Vous auriez tort d’imaginer que ce vacarme de couleurs rime à rien. C’est même tout le contraire. Un matin, dans cette clarté de la décision, Pramod Prakash plonge au fond de lui-même une lame colorée. Il en ressort avec l’évidence que la conscience de soi est une illusion. Le peintre indien ne cesse ensuite de l’affirmer, toile après toile, et le mouvement qu’il impulse rend le tourbillon plus puissant encore. Nous ne sommes qu’éphémères, un point invisible dans un univers qui l’est tout autant. Invisible et momentané.
« Incarnation » est en cela une œuvre importante qui évoque un commencement possible au cycle des métamorphoses. Regardez avec attention. Un homme animal, dont on devine le squelette, doucement se relève. Des oiseaux l’entourent. Des roues tournent et contribuent au déplacement. Il dresse la tête, ses babines retroussées. Sans doute interroge-t-il un dieu. Parce que les dieux n’ont que ça à faire, d’assister à la naissance de l’infime.
« La vie humaine est une entité abstraite, dans un bouillonnement d’idées. Mes œuvres dépeignent ce questionnement par l’introspection de moi-même, à la lumière d’un monde qui se gâche par la tromperie, la déloyauté et la nature guerrière », écrit-il dans une introduction à ce travail. Peindre le naufrage dont personne n’a conscience et pour cela, trouver les gestes et les couleurs qui disent le chaos.

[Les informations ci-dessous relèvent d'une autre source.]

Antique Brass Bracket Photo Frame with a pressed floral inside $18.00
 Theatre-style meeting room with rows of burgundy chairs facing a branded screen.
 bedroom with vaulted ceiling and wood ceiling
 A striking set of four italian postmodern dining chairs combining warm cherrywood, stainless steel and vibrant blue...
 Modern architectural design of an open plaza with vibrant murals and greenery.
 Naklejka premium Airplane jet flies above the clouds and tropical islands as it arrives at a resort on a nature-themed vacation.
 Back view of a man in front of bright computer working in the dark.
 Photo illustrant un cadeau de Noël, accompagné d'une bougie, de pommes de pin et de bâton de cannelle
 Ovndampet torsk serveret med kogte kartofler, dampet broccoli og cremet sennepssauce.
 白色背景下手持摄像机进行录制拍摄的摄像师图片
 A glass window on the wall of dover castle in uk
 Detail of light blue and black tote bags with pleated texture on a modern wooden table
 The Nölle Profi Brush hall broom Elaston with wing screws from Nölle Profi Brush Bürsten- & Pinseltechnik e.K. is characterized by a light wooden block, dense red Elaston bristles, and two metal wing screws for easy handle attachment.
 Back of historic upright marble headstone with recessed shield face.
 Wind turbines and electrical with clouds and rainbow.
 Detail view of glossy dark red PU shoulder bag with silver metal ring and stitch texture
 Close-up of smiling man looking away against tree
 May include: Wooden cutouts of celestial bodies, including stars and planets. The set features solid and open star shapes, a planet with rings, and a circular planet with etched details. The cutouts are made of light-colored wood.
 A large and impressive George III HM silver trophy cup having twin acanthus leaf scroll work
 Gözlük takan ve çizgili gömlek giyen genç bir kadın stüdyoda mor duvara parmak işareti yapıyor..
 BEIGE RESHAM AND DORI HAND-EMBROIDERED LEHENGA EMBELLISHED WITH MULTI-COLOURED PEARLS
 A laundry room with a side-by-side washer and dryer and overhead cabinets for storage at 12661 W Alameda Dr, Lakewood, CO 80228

Au contraire de son travail sur Dambad (voir en annexe), Pramod Prakash use ici d’une palette éclatante. Il le dit, c’est un magma d’idées et de frictions, la proximité de tous les contraires, un jaillissement qui déjà n’existe plus. Des rouges qui soufflent comme des bourrasques, et puis du jaune, beau comme le soufre, mais surtout une gestuelle qui relève parfois de l’écriture, tant elle use du trait, balaie, rassemble et éparpille les hypothèses. Au milieu de ce capharnaüm, l’homme peine à se redresser. D’ailleurs le peut-il ? Et cette question vient aux lèvres du peintre : peut-être de revenir en arrière et rentrer dans d’autres enveloppes. Moins bruyante, moins humaine, la carcasse oubliée de ce qui nous précède.
« La vie humaine est une entité abstraite, dans un bouillonnement d’idées. Mes œuvres dépeignent ce questionnement par l’introspection de moi-même, à la lumière d’un monde qui se gâche par la tromperie, la déloyauté et la nature guerrière » Pramod Prakash
,

» Incarnation » technique mixte ( Acrylique , huile et pastels gras), 1, 52 x 1, 52m, 2022.
Roger Calmé (ZO mag’)
Photos : Pramod Prakash
Repères :
Pramod Prakash est né en 1968, à Ulao, District de Begusarai, Bihar. Il est diplômé des Beaux-arts (master de peinture) de l’ Université Maharaja Sayajirao Rao, Baroda, Gujarat.